Sweeney caught it, and then feinted and dodged around a bunch of guys in crimson and cream OU uniforms to make the touchdown.

“Yeah!” Heath raised his fist, laughing and shouting. “Sweeney could catch a gnat off a fly’s back!”

“Are you enjoying yourself, Heath Luck?”

At the sound of the Goddess’s voice Heath put away his fist pump and gave Nyx a semi-guilty smile. “Uh, yeah. It’s great here. There’s always a game I can quarterback—awesome receivers, great fans, and when I get tired of football there’s that lake just down the street. It’s stocked with bass that would make a pro fisherman cry.”

“What about girls? I see no cheerleaders, no fisherwomen.

Heath’s smile faltered. “Girls? No. Well. I only have one girl and she’s not here. You know that, Nyx.”

“I was just checking.” Nyx’s smile was radiant. “Would you sit and talk with me a moment?”

“Yeah, sure,” Heath said.

Nyx waved her hand and the old-school replication of a college football stadium disappeared. Suddenly Heath found himself standing on the precipice of an enormous canyon, so deep that the river that roared through the bottom of it looked like only a thin silver thread. The sun was rising over the opposite bank of the ridge, and the sky was shaded with the violets and pinks and blues of a beautiful new day.

Movement in the air caught Heath’s eye, and he noticed hundreds, maybe thousands of sparkling globes that were tumbling down into the gorge. He thought some of them looked like electric pearls, and others like geode balls, and still others were fluorescent colors so bright they almost hurt his eyes.

“Wow! It’s awesome up here!” He shaded his eyes with his hand. “What are those thingies?”

“Spirits,” Nyx said.

“Really, like ghosts or something?”

“A little. Mostly like you or something,” Nyx said with a warm smile.

“Well, that’s just weird. I don’t look anything like that. I look like me.”

“Right now you do,” Nyx said.

Heath glanced down at himself, just to be sure he was still, well, him. Relieved at what he saw, he looked back at the Goddess. “Should I get ready to change up?”

“That depends entirely upon you,” Nyx said. “As you would say in your world: I have a proposition for you.”

“Awesome! It’s cool to be propositioned by a goddess!” Heath said.

Nxy frowned at him. “Not that kind of proposition, Heath.”

“Oh. Uh. Sorry.” Heath felt his face getting really warm. Jeeze, he was a retard. “I didn’t mean anything disrespectful. I was just kidding…” He stuttered to a stop, wiping his face with his hand. When he looked at the goddess again, she was smiling wryly at him. “Okay,” he started again, relieved she hadn’t blasted him with a thunderbolt or something. “About that proposition?”

“Excellent. It’s nice to know I have your full attention. My proposition is this: choice.”

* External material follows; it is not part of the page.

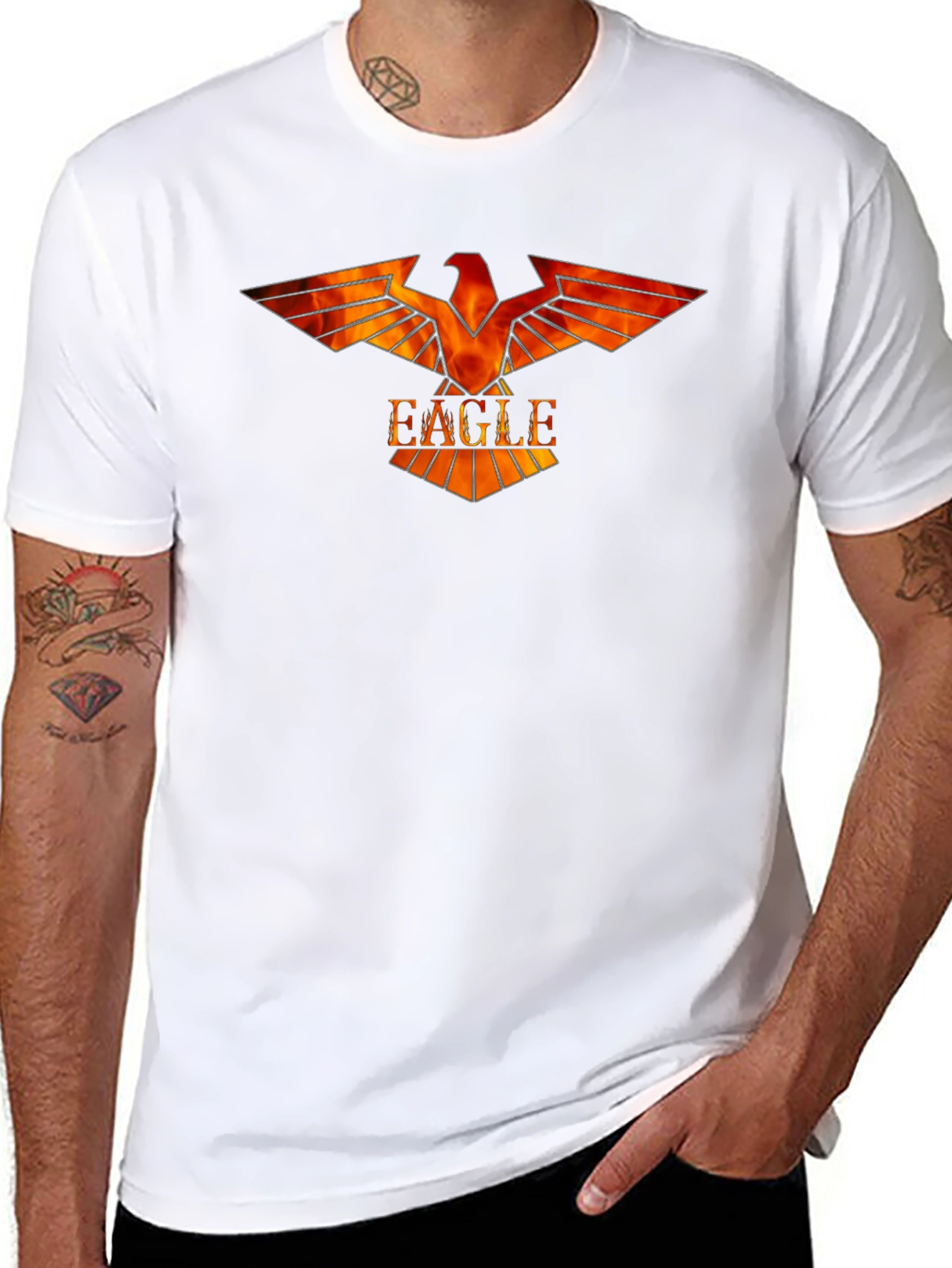 Fiery Eagle Graphic Tee - Bold Design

Heath blinked. “Choice? Between what?”

“I’m so pleased that you asked,” Nyx said with only a little teasing sarcasm in her divine voice. “I’m going to give you a choice between three futures. You may choose one of the three, but know before you hear the choices that once you decide upon a path, the outcome is not set—it is only your decision that is set. What happens thereafter is left up to chance and fate and the resources of your soul.”